The hospital-issued machines that patients take home and use long-term are compact and quiet, comfortable to wear and look nice. “Those things are very important. You are giving people something to use in their bedroom, so it needs to be unobtrusive and quieter if they are sharing the room with another person.

Majurey says partners and family are important in identifying and treating sleeping disorders.

“Often people are unaware of their own sleeping habits and might think a partner is exaggerating when they describe habits like heavy snoring, kicking around in bed, gasping for breath and so on. But we take the partner’s comments very seriously as they are the ones who can see what is really happening.”

And it is men who are most affected, with research indicating that around 9 percent of males and 4 percent of females may experience sleep disorders. Women may have some hormonal protection but it might also be that women are under-diagnosed.

Majurey is particularly interested in the social and psychological impacts of untreated sleep conditions.

“We see people who are grumpy, irritable, stressed, prone to get angry. They can’t stay awake long enough to play with their kids in the evening, some have impotency issues, and all of these sorts of things impact on their partners and families.
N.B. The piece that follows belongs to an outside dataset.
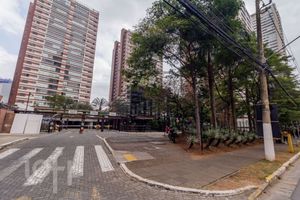 Image 69 - 879725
She believes sleeping disorders may be a factor in family violence. There are also physical impacts such as difficult-to-control hypertension and blood glucose levels. All these things have a personal, community and financial cost.
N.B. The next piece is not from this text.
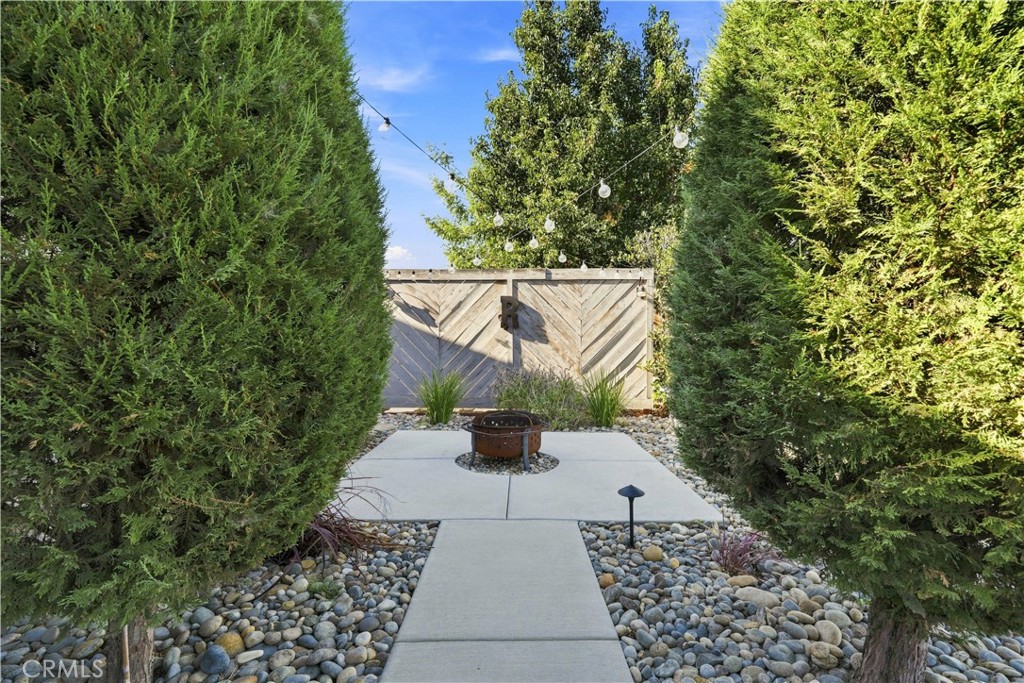 1162 Paradise Loop, Lemoore, CA 93245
“Diagnosing and treating sleep disorders early can save a lot of heartbreak and money,” Majurey explains. “One accident caused by someone falling asleep at the wheel will involve so much financial cost in emergency response, medical treatment and rehabilitation that preventative education and early diagnosis becomes a very cheap option.”

Prevention is where the next step in Merrhis Majurey’s career takes her. She is leaving Waikato Hospital on 26 May 2017 for a role in the newly formed company Fit for Duty which will focus on education and screening staff in “at risk” workplaces for early detection of sleeping issues and obstructive sleep apnoea.

The truck and long-haul industries in particular have a vested interest in sleep screening, as their workforce is predominantly middle age to older men, often on shift work involving disrupted sleep patterns and long hours of sedentary work with potential weight gain. From research to date, the rate of sleep apnoea in commercial truck drivers appears to be as high as 25 to 45 percent.

Clinical director of Waikato Hospital Respiratory Medicine Janice Wong pays tribute to Majurey’s contribution. “Over the last two decades, Merrhis has been the constant name that you would think of if you need help from the Sleep Lab.  More recently she has pioneered to use telehealth in Sleep Lab. She has a vast amount of knowledge and experience, and she will be hard to replace. On behalf of the respiratory department, I would like to thank Merrhis for her enormous contribution to the Sleep Service.  It has been a great pleasure working with her as a colleague and knowing her as a friend.”

Footnote: Obstructive sleep apnoea (OSA) is a condition when people stop breathing while they are asleep. When someone with OSA is asleep, the tissues in their airways relax and can block the airways. When this happens, it causes them to momentarily stop breathing until the brain arouses them to a lighter stage of sleep or to wake so they can begin breathing again. This cycle can repeat hundreds of times a night, and often the sufferer is unaware of the problem. If a partner or family member is showing signs of sleep problems, it is important to discuss it and get advice from a health professional.